Special Characters

Information about special characters used in the Clickstream data feed.

Special characters in the hit_data file

The following characters have a special meaning in the hit_data file:

Character Meaning Description
\t (tab character) End of column

Marks the end of a data field.

\n (newline character) End of row

Marks the end of a data row.

\ (backslash character) Escape character

Escapes tab, newline, and backslash when the character was part of the value sent during data collection.

When any of the special characters are preceded by a backslash, they represent a literal character.

Character Meaning Description
\\t Tab

Literal tab character. This character was part of the value sent in during data collection.

\\n Newline

Literal newline. This character was part of the value sent in during data collection.

\\ Backslash

Literal backslash character. This character was part of the value sent in during data collection.

Special characters in multi-valued variables (events_list, products_list, mvvars)

The following characters have a special meaning in multi-valued variables:

Character Meaning Description
, (comma character) End of value

Separates product strings, event IDs, or other values in multi-valued variables.

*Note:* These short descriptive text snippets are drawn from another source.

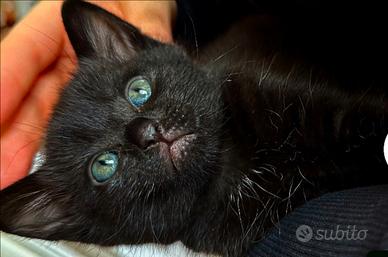 Gattini total neri mix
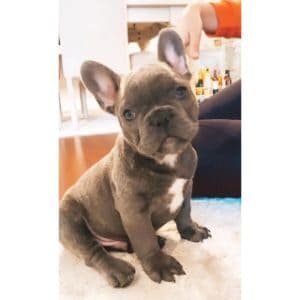 Crescent-City-Frenchies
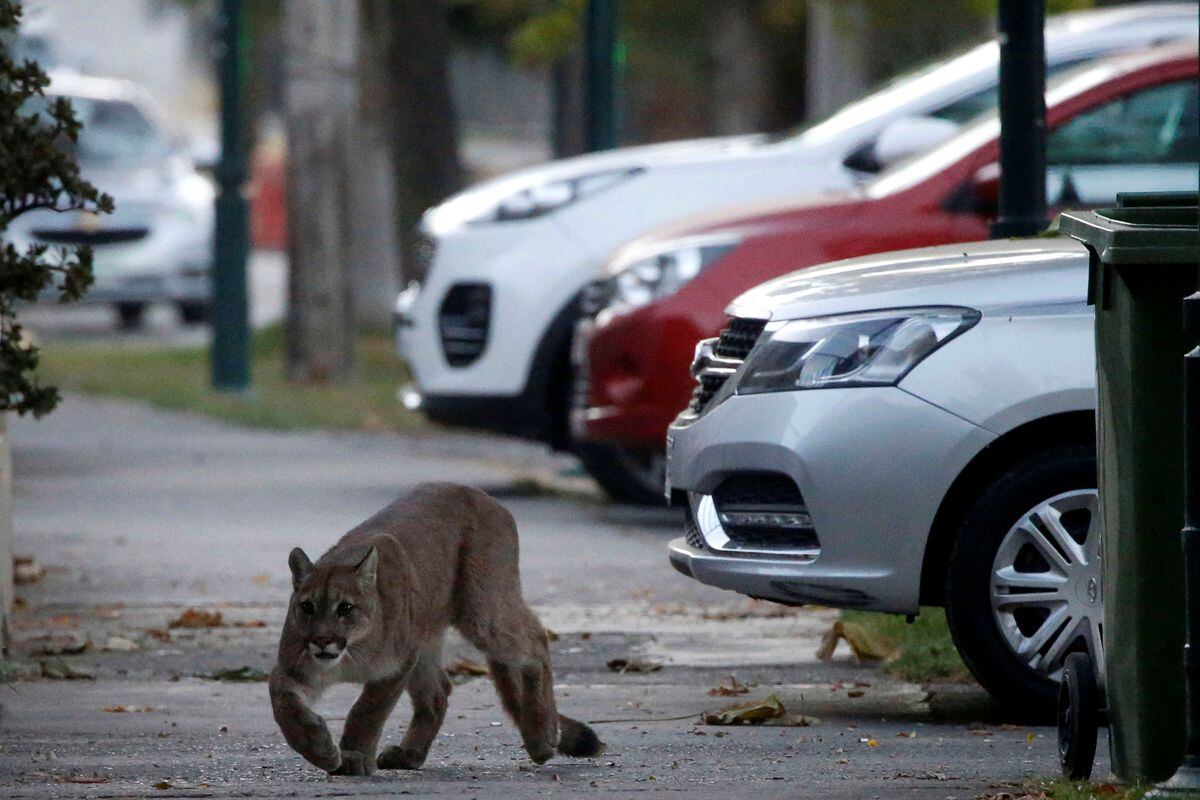 Impresionante. Puma se escapa y sorprende a transeúntes en Chile. Video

; (semicolon character) End of sub-value within an individual product value

Separates values associated with an individual product in the product_list.

= (equals character) Value assignment

Assigns a value to an event in the event_list.

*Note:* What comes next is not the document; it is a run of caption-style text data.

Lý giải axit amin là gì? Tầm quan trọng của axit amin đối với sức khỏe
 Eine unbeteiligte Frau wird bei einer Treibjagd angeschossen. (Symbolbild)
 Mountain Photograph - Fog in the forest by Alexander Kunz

When any of the special characters are preceded by a caret, they represent a literal character.

Character Meaning Description
^, Comma

Literal comma character. This character was part of the value sent in during data collection.

^; Semicolon

Literal semicolon character. This character was part of the value sent in during data collection.

^= Equals

Literal equals character. This character was part of the value sent in during data collection.

^^ Caret

Literal caret character. This character was part of the value sent in during data collection.

Sample workflow

If some of the columns in your data feed contain user-submitted data, you should check for special characters before separating the data by column or row using split or readLine, or similar.

Consider the following data:

Browser Width Browser Height eVar1 prop1
1680 1050 search\nstring en
800 600 search\tstring en

During export, the newline and tab characters in the eVar1 values are escaped. The data feed for these rows appears as follows:

1680\t1050\tsearch\\nstring\ten\n
800\t600\tsearch\\tstring\ten\n

Calling readLine() on the first row returns the following partial string:

800\t600\tsearch\

Calling split("\t") on the second row returns the following string array:

800
600
search\
string
en

To avoid this, use a solution similar to the following:

  1. Starting at the beginning of the file, read until you locate a tab, newline, backslash or caret character.
  2. Perform an action based on the special character encountered:
    • Tab - insert the string up that point into a data store cell and continue.
    • Newline - complete the data store row.
    • Backslash - read the next character, insert the appropriate string literal, and continue.
    • Caret - read the next character, insert the appropriate string literal, and continue.